Substituting for H gives

y’ = sinh(8hx/(S^2 – 4h^2)

independent of the weight per unit length of the chain, from which I conclude that y” is also independent of the weight per unit length of chain. (But I think we already knew that, all catenaries are created equal and their shape depends only on their length and vertical separation of the ends.)

Now, suppose we make an inhomogeneous catenary of kevlar thread of length Sk and and logging chain of length Sl. Attach the kevlar thread to the origin and attach the logging chain to an attachment point at some height h, less than Sl. The logging chain and the kevlar thread each assume catenary shapes which have their slopes continuous, essentially zero at the point of connection. Neither slope has any dependence on its weight/length, only on the vertical separation of it’s end points and length and the same is true of its second derivative. The catenary of the thread thinks that there is a near infinite amount of kevlar thread running outward in order to get the tension it experiences at the attachment point, while the logging chain thinks that it is attached to the origin directly. If we can find some Unobtainium thread, having zero weight/length and infinite E, the inhomogeneous catenary becomes simply the catenary of the chain, displaced to the right by the length of the Unobtainium thread. I just do not see how a discontinuity in the second derivative arises due to the property of all catenaries that the weight/length cancels out of the equations. Another way of saying this is to note that all the forces are proportional to the mass/length. Of greatest importance is the property of the catenary that it attempts to make all loading forces co-linear with the curve of the arch, thereby inhibiting the buckling. If the second derivative were discontinuous, this property would not obtain for the inhomogeneous catenary, but I just don’t see how that happens. Thus, I am still a proponent of the inhomogenous catenary for the long arch shape.

If I have a "kink" in my thinking, please explain it to me.

[stradofear]

If one is thinking precisely, as I know John always is, the ONLY lines that have a consistent curvature from one end to the other are circles and their sections, or straight lines. Nothing else. If you maintain your "catenary" has a consistent curvature, then it's a circle in disguise.

[Wm.

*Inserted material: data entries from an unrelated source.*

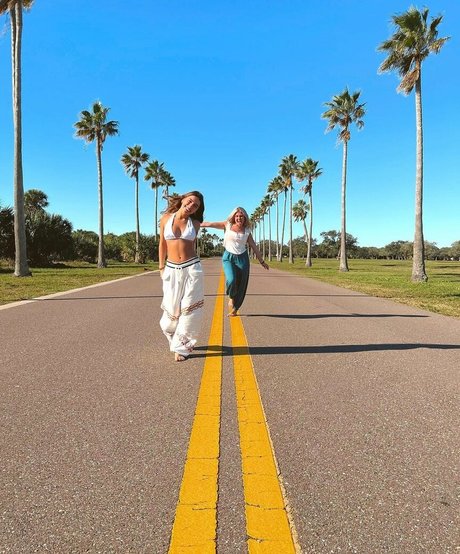 Ellie Dobleske 無料モデル ギャラリー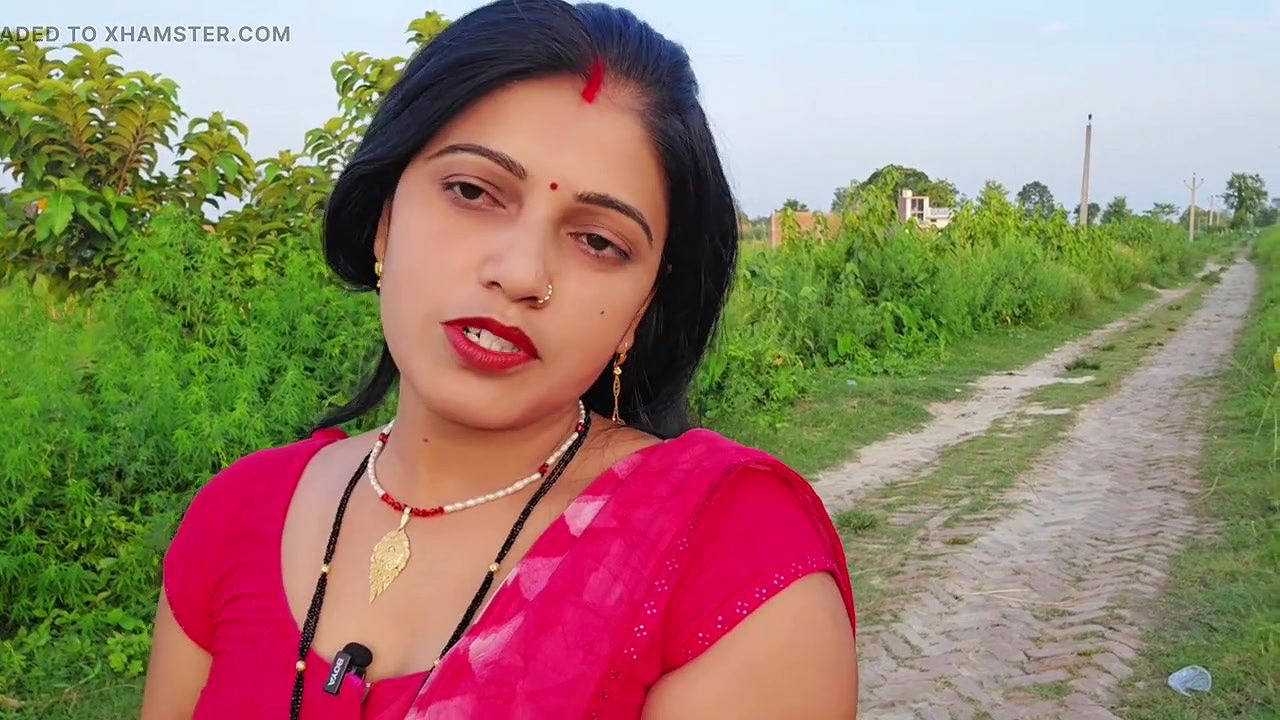 Desi innocent girl har fuck, Local Indian girl fucking video with condom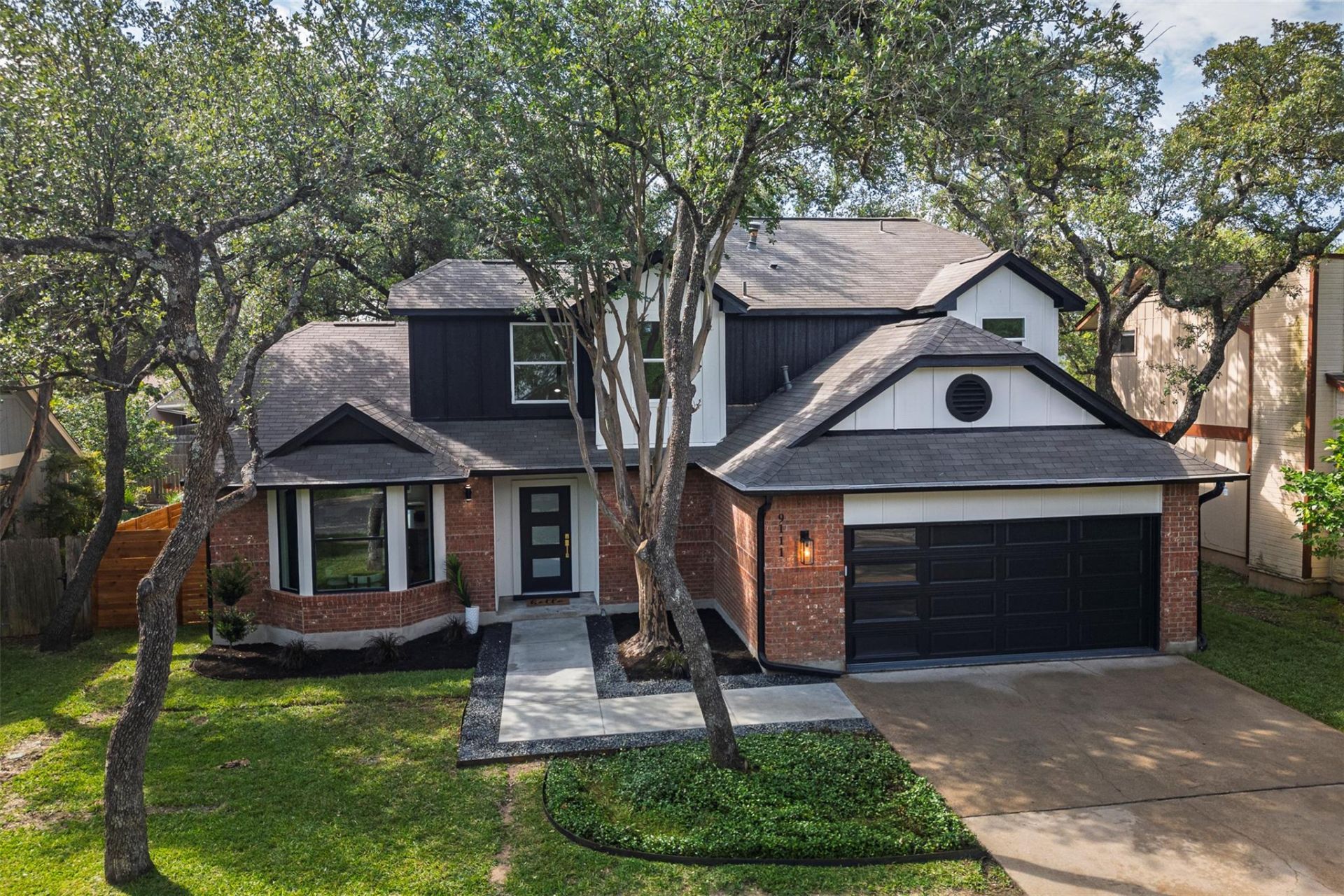 9111 Hazelhurst Dr, Austin, TX 78729 Main Photo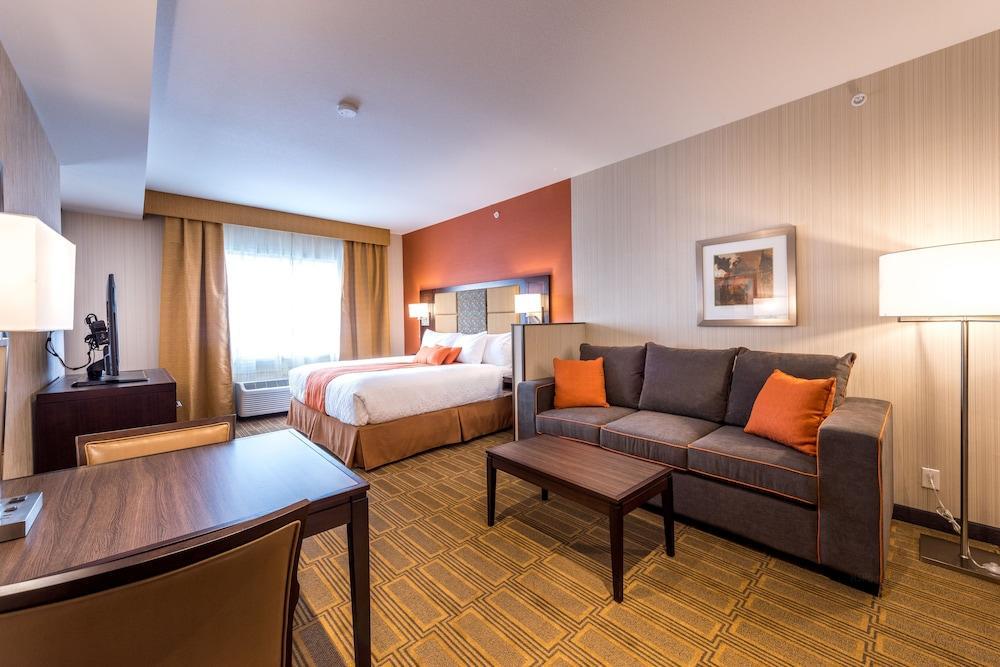 Best Western Plus Chateau Fort St. John Екстериор снимка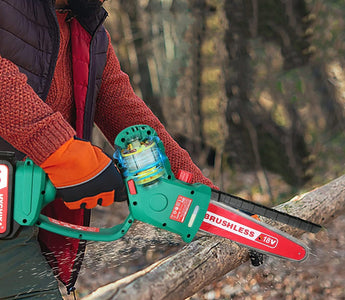 What to Consider When Buying a Mini Chainsaw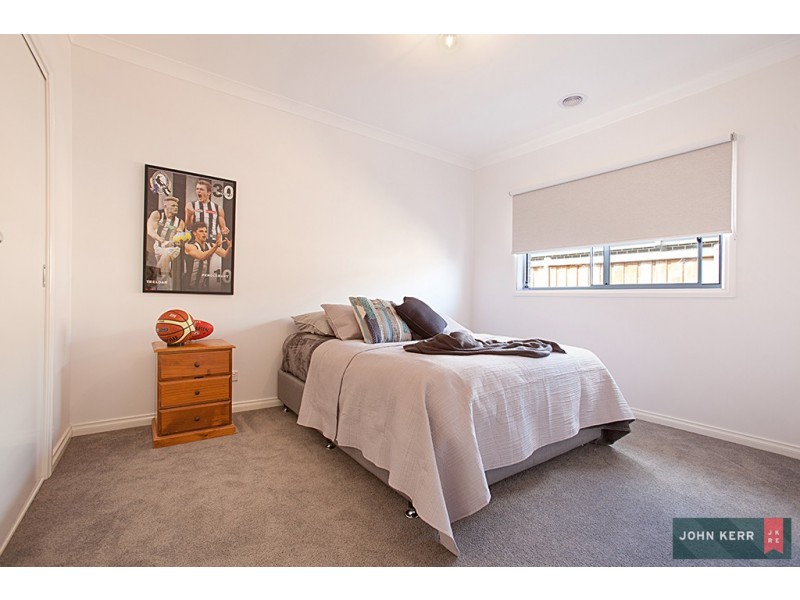 17 Collingwood Dr, Trafalgar VIC 3824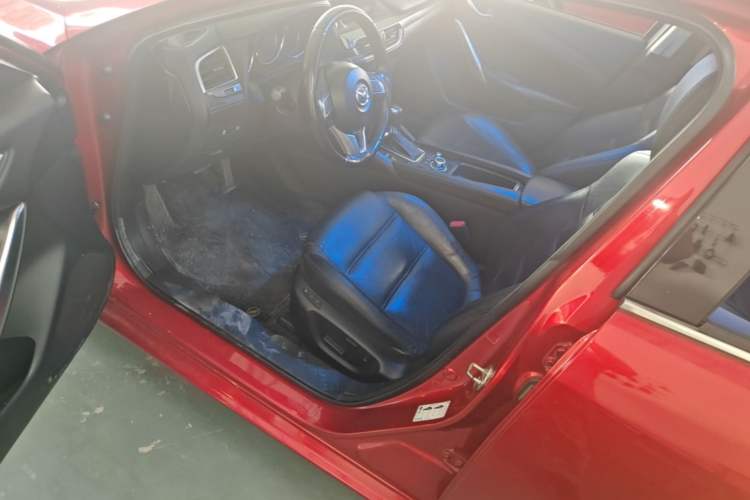 Used Mazda Atenza 2017 2.0L Blue Sky Luxury Edition Driver Seat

Johnston]

independent of the weight per unit length of the chain, from which I conclude that y” is also independent of the weight per unit length of chain. (But I think we already knew that, all catenaries are created equal and their shape depends only on their length and vertical separation of the ends.)

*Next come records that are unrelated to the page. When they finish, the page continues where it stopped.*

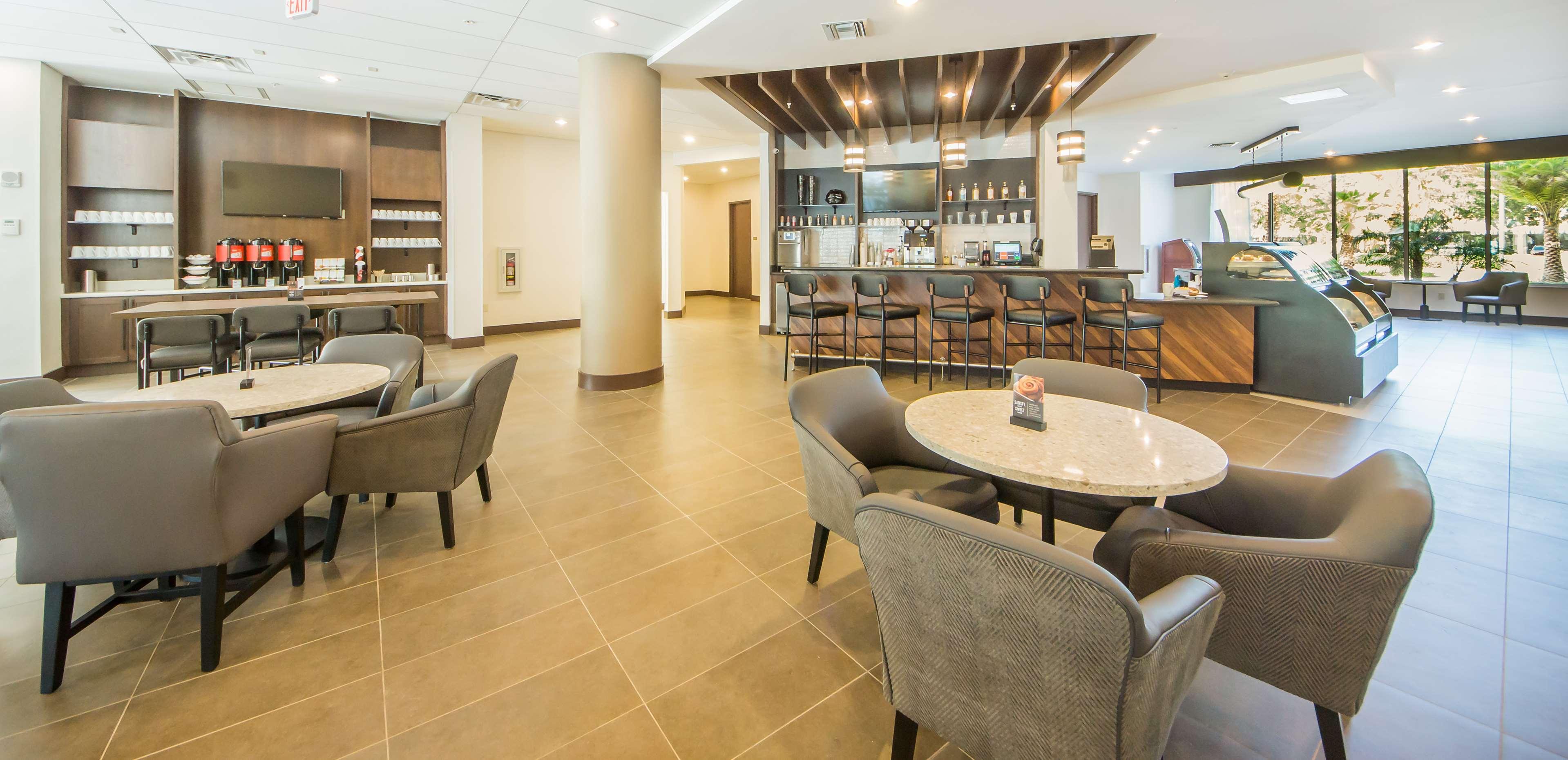Vista Lobby Hyatt Place Orlando/Lake Buena Vista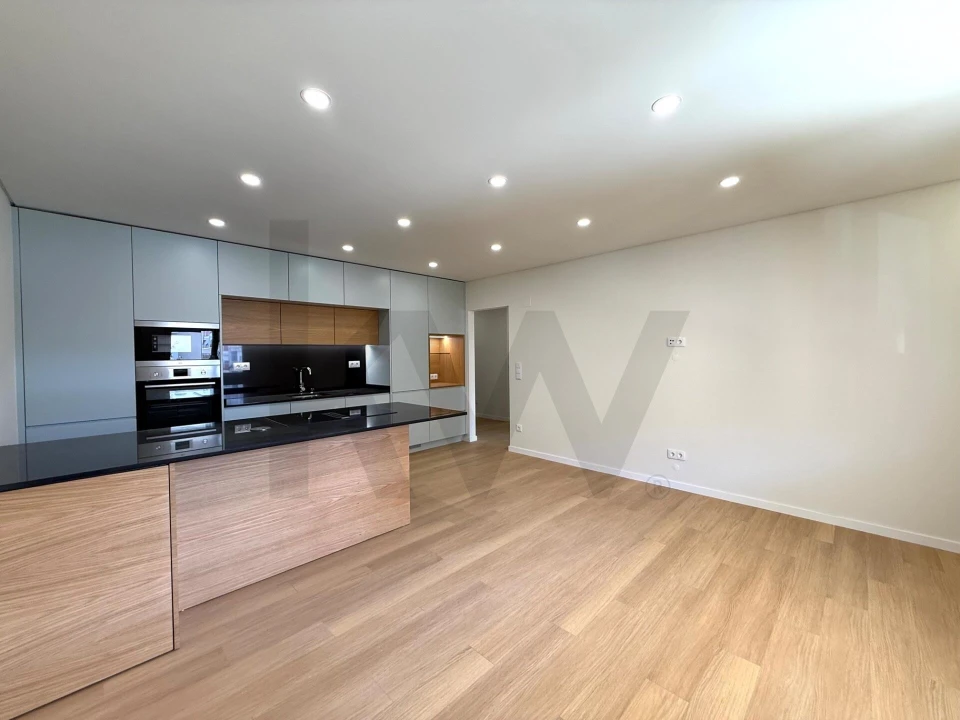Apartamento T2 para Venda em Agualva e Mira-Sintra Foto 4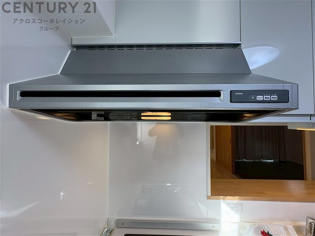 パワフルな吸引力で調理中の臭気等をしっかり処理してくれ、室内を快適に保ってくれます。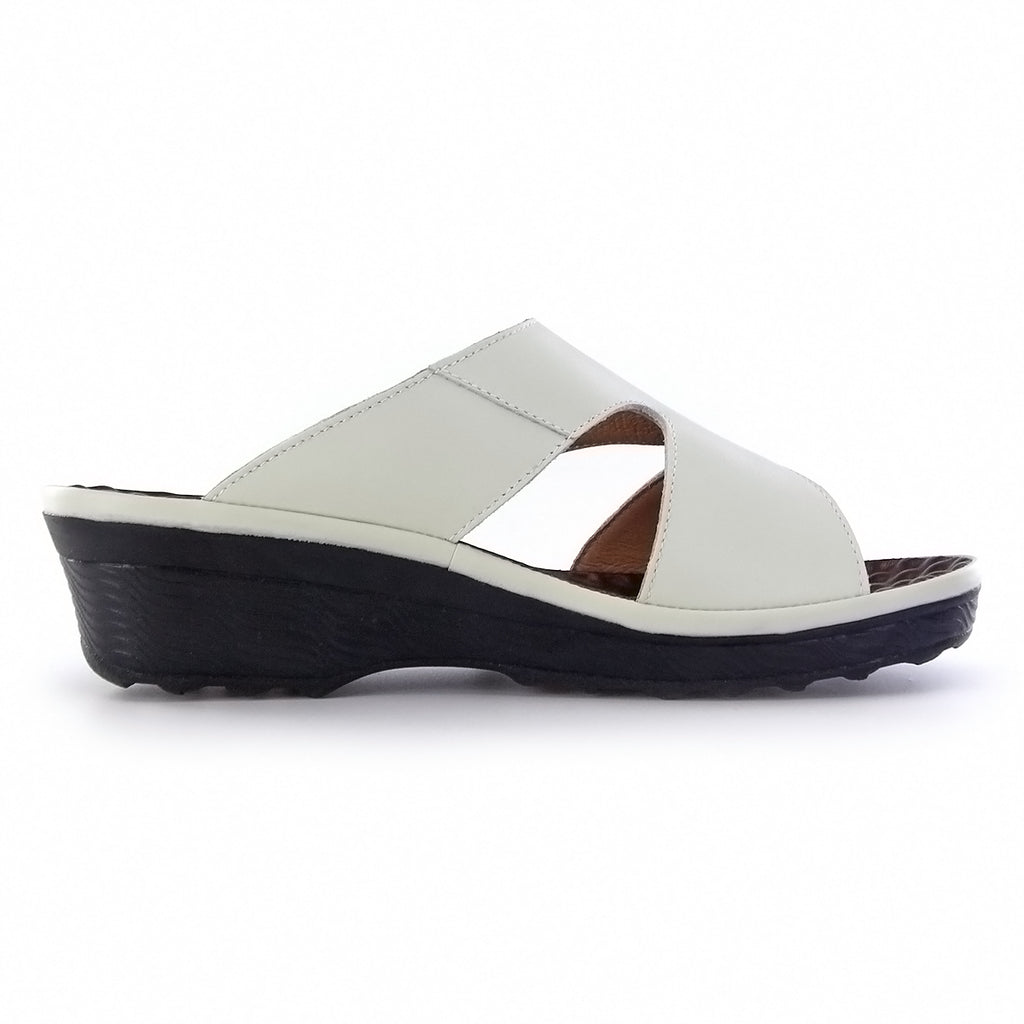 Pierre Cardin รองเท้าแตะผู้หญิง หนังแท้ นุ่มสบาย ทรงสวม/มีหู สีขาว รุ่น 26SS409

Now, suppose we make an inhomogeneous catenary of kevlar thread of length Sk and and logging chain of length Sl. Attach the kevlar thread to the origin and attach the logging chain to an attachment point at some height h, less than Sl. The logging chain and the kevlar thread each assume catenary shapes which have their slopes continuous, essentially zero at the point of connection. Neither slope has any dependence on its weight/length, only on the vertical separation of it’s end points and length and the same is true of its second derivative. The catenary of the thread thinks that there is a near infinite amount of kevlar thread running outward in order to get the tension it experiences at the attachment point, while the logging chain thinks that it is attached to the origin directly. If we can find some Unobtainium thread, having zero weight/length and infinite E, the inhomogeneous catenary becomes simply the catenary of the chain, displaced to the right by the length of the Unobtainium thread. I just do not see how a discontinuity in the second derivative arises due to the property of all catenaries that the weight/length cancels out of the equations. Another way of saying this is to note that all the forces are proportional to the mass/length. Of greatest importance is the property of the catenary that it attempts to make all loading forces co-linear with the curve of the arch, thereby inhibiting the buckling. If the second derivative were discontinuous, this property would not obtain for the inhomogeneous catenary, but I just don’t see how that happens. Thus, I am still a proponent of the inhomogenous catenary for the long arch shape.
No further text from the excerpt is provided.